Toyota has announced that it will work with Oncor, a Texas-based electric utility, on vehicle-to-grid technology that may compete with Tesla’s Virtual Power Plant.
Tesla has sparked new interest in energy products since its launch of the Tesla Powerwall. The battery’s simple operation and obvious benefits to consumers have attracted numerous customers. This interest has, in turn, attracted new competitors, such as Toyota, who just this year announced its own energy storage solution. Toyota has now doubled down and will collaborate with an electric utility in Texas to offer customers vehicle-to-grid technology.
While Toyota’s vehicle-to-grid solution may sound quite different from Tesla’s Powerwall and associated Virtual Power Plant (VPP), the products sound quite familiar after reading the Japanese auto giant’s press release. The proposed new offering would allow customers to send their energy, in this case from their car, back to the grid during times of high demand or grid damage.
Toyota emphasizes that initially, this offering will be a pilot research program that will lead to a more extensive system, “[allowing] Toyota and Oncor to be better prepared to support the broader EV charging ecosystem in the United States.” The system will be tested at Oncor’s grid testing facility south of Dallas, Texas. Shortly after that, in 2023, a more public testing phase begins within Oncor’s service area in Texas.
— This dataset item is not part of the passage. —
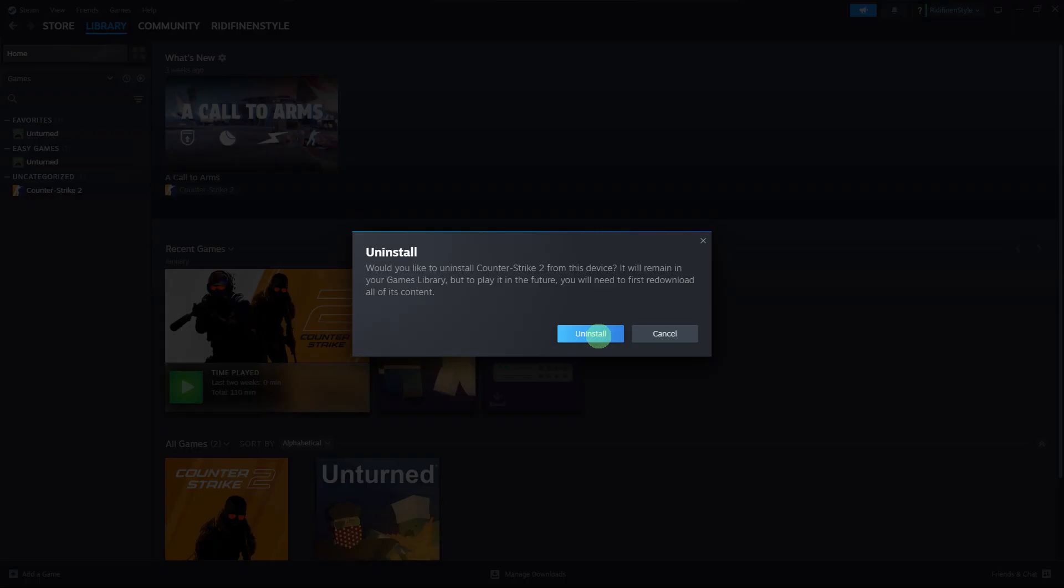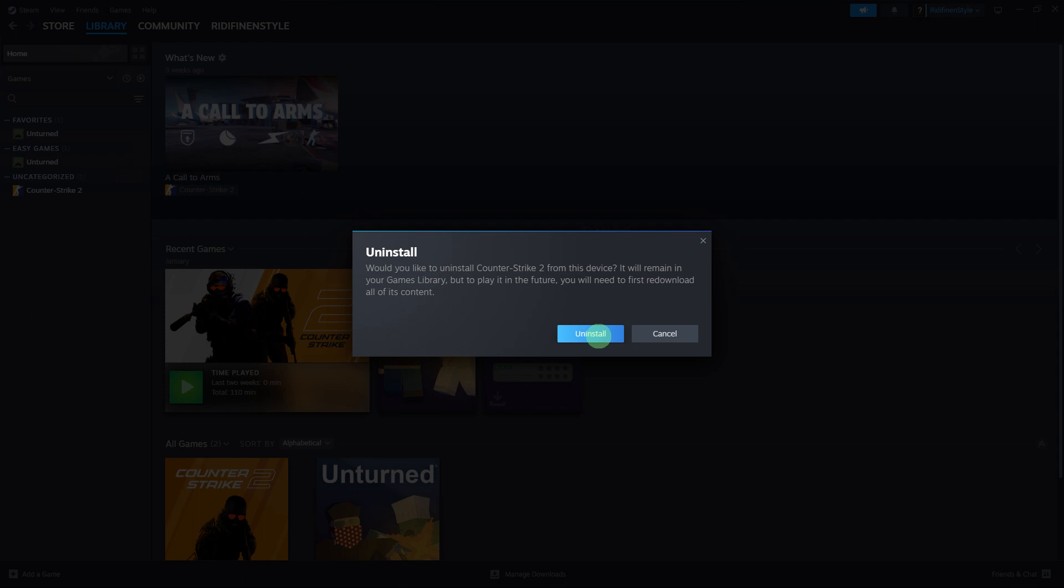Steam will prompt you to confirm that you want to uninstall the game. Confirm your choice to proceed with the uninstallation process. Now Steam will uninstall the game from your PC. The time it takes to uninstall depends on the size of the game and your PC speed.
Toyota did not specify when the program would be available for wider release or if the program would be dependent on making deals with utility companies. However, if Toyota’s program is anything like Tesla’s VPP program in Texas, each area would likely require some cooperation with the local utility provider.
“We envision a future where Toyota BEVs provide a best-in-class mobility experience, but also can be utilized by our customers to power their homes, their communities or even power back the electric grid in times of need,” said Christopher Yang, group vice president of Toyota Electric Vehicle Charging Solutions team. “Our collaboration with Oncor is an important step for us to understand the needs of utilities, as we plan to work closely with them to ensure every community can embrace Toyota’s shift to electrified vehicles.”
While the Toyota V2G program is not a perfect competitor to the Tesla VPP, especially considering the vehicle cannot always be plugged into the grid, it may be able to offer a reasonably similar experience at a lower price point. And better yet, it may even be a system that could be implemented in urban areas, such as parking garages, where a group of vehicles could help stabilize the nearby grid.
Vehicle-to-grid technology is an auspicious new feature that will likely attract countless consumers as they transition to electric vehicles. As shown by the Ford F150 Lightning’s vehicle-to-load capability, customers are willing to pay for the extra capability, especially if they don’t have to purchase a secondary battery akin to Tesla’s Powerwall. It will be interesting to see how Toyota’s new program influences buyers in the coming years.